There are thousands of jobs riding on it.

That's important. I'd think you of all people could understand that I don't have time for dinner theatrics this month. "

It landed exactly where he'd aimed it. Childish. Theatrics. As if wanting to eat across a table from my own husband were a tantrum.

I felt the words rise. I plan your dinners, I host your investors, I'm planning your sister's engagement party, and you think I'm the one who doesn't take your work seriously enough?

They settled back down, though, the way they always did, swallowed and digested and tucked away with all the others.

I'd gotten very good at it. You could fit a marriage's worth of unspoken things in a body if you packed them all in carefully.

"Of course, Damon," I said. "I understand."

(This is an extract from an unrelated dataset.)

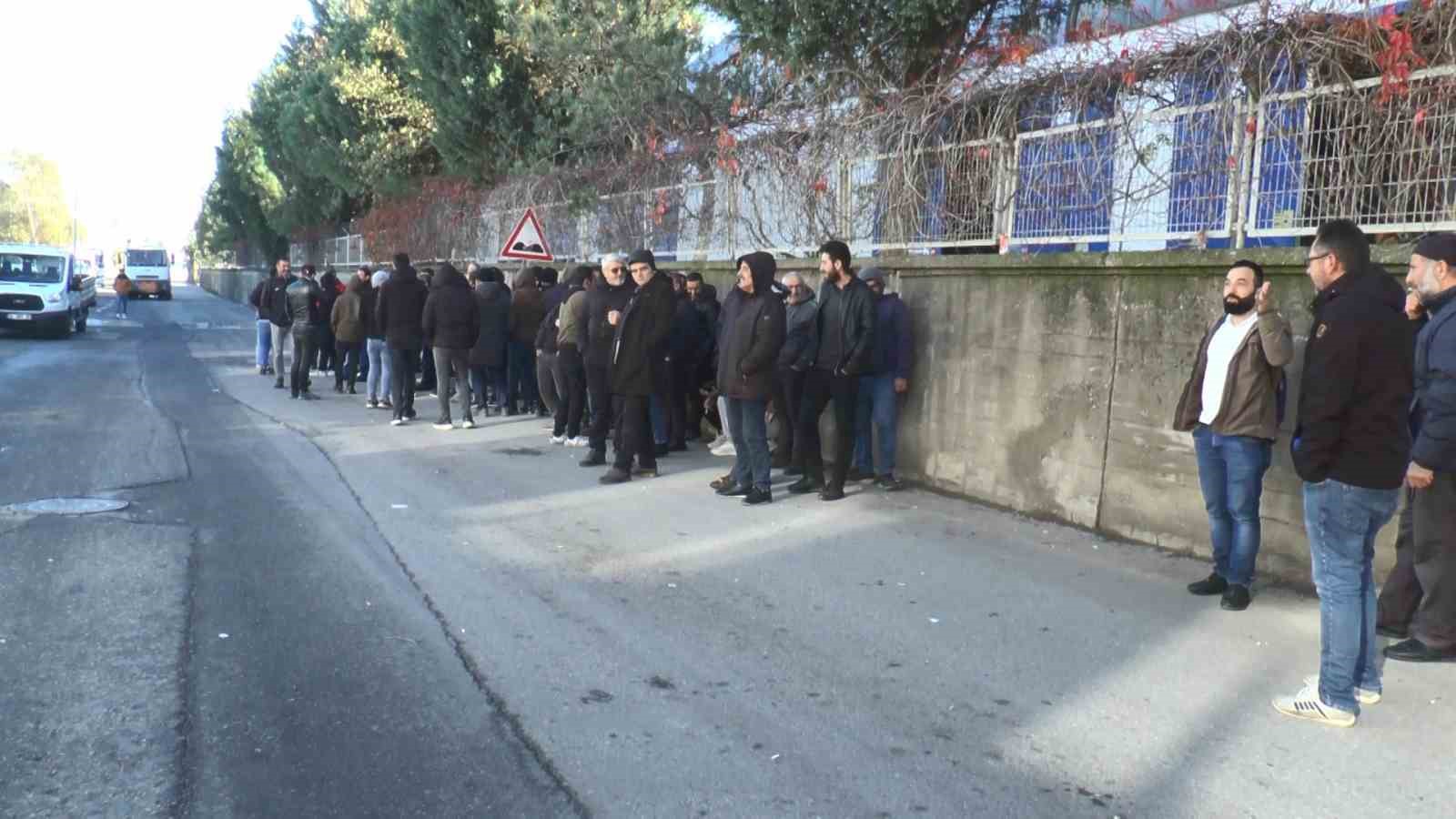 maaslarini alamayan isciler fabrikayi basti BUnzqmid.jpg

"Good." He fixed the second cufflink, satisfied, the matter closed. He shrugged into his jacket, checked his reflection, and was already somewhere else, already in the car, already at the table with the journalist, already gone.

Sometimes I wondered if I stayed with him the way he stayed with me when we were apart, but I knew better than to ask that question. Knew I wouldn't like the answer.

He pressed a kiss to the top of my head on his way past, the way you'd pat an obedient dog before leaving.

"Don't wait up," he said, and then the door, and then the stairs, and then the low purr of the Lexus pulling out of the drive.

I stood alone in the bedroom with the gold gone from the windows and the porcelain dish empty under the watch winder.

Next month was our anniversary. Eight years.

I hoped that he'd remember. But this time, I wasn't going to remind him.